July 3, 2013 Gotta share what God's doing in me. OK, so I've been afraid of God for a long time. I knew He could see right through my masks, and I knew I was in big trouble and I thought He was going to nail me. I believed my acceptance depended on my performance and I just couldn't fix myself and get it together. And so I've been running from God, but He has been chasing me. I knew He was chasing me and I was afraid because I knew I couldn't really hide all my mistakes and failures from Him. I knew I had tried to be a Christian and do all the right things, but I just didn't add up and I didn't deserve His mercy so I kept trying harder and harder and falling in all kinds of ditches, trusting the wrong things and people, turning to food for comfort (more shame), and kept getting hurt and stained and more desperate to be found and loved.

So I dared to open up to a few people, still very cautious, worried it could all turn on me. But I had to do something cause I felt like I was dying and no one knew it and I was so hurt and torn up and angry and lost and afraid and lonely inside. And I didn't even know who I was. But last night Jesus found me while I was so lost and afraid. And He held me still shaking. And I didn't fight it, just let Him love me. And He is kind, not harsh. And I let Him see my mess but He didn't scold me but gave me grace and forgiveness and love. And His love is changing me like I never could. And it hurts in a good way. And I feel loved. And my fears are becoming less. It's true I am still a sinner full of mess and sins too numerous, but He is breaking down my walls of pride and self sufficiency and washing me and showing me grace and kindness. His love changes everything.

But I still feel hesitant to trust completely, afraid it's too good to be true and that the rules might change and that God will turn His back on me. And so I'm asking Jesus to show me His love and help me to trust Him and not fear. So today, I'm at my in-law's lake house and we took my boys tubing (in a really big safe tube). My 3 year old was excited and jumped right on the tube with my husband. But my 5 year old really was too afraid even though he really wanted to get in. We encouraged him, but he couldn't find the courage and so he watched with me in the boat. After watching for a few minutes, he found an ounce of courage and he told me he wanted in the tube. This time he was determined even though he was still very much afraid as he stepped in.

He sat down, hands griping the handles tight, eyes wide with fear as the boat started off slowly. He saw the waves and felt the tube rock, and tears just started rolling down his cheeks. His daddy whispered gently in his ear, “You can do this buddy. You're going to be all right. You are very brave. I am with you. I got you.” His daddy knew the driver would go slow and easy and that he was safe. But the tears continued to roll. He didn't try to stop them and he didn't ask to get off; he just sat there and cried with his daddy whispering courage in his ear. And after a long time, he began to loosen his grip, he looked beyond the waves at his daddy who was cheering for him the whole time and he gave him a knuckles. Then, he smiled and waved at me. He was free. His daddy's love and encouragement helped him see past the waves. And he began to trust and he was able to enjoy the ride with a smile on his face. All the while, his little brother was standing on the tube, both arms flung in the air, unafraid and free.

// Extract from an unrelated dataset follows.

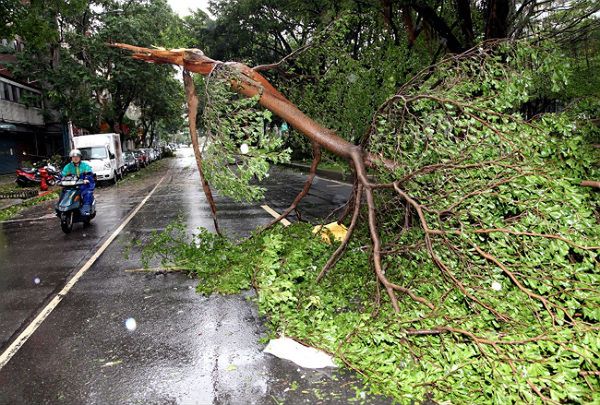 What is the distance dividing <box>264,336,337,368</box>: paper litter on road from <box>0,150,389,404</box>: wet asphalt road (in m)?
0.09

This was so good for me to watch. For some, like my 3 year old, trust is easy. But, for others it's hard and their may be bad memories of the past to overcome or just more hesitation. The struggle of my 5 year old is the same as mine. I fear stepping in the tube even though I want to get in so bad and be free and have fun. And after just watching other people ride the waves, I determine to step in. But I go in afraid, still looking at the waves and not trusting they won't hurt me, but my Daddy is whispering in my ear, “I love you. You are safe with me.” And slowly I begin to trust and I loosen my grip and my eyes turn to Him and He smiles at me and I am changed. And I am free. And all the waves that looked so terrible are not as scary because my Daddy is with me and He is not going to hurt me. He loves me.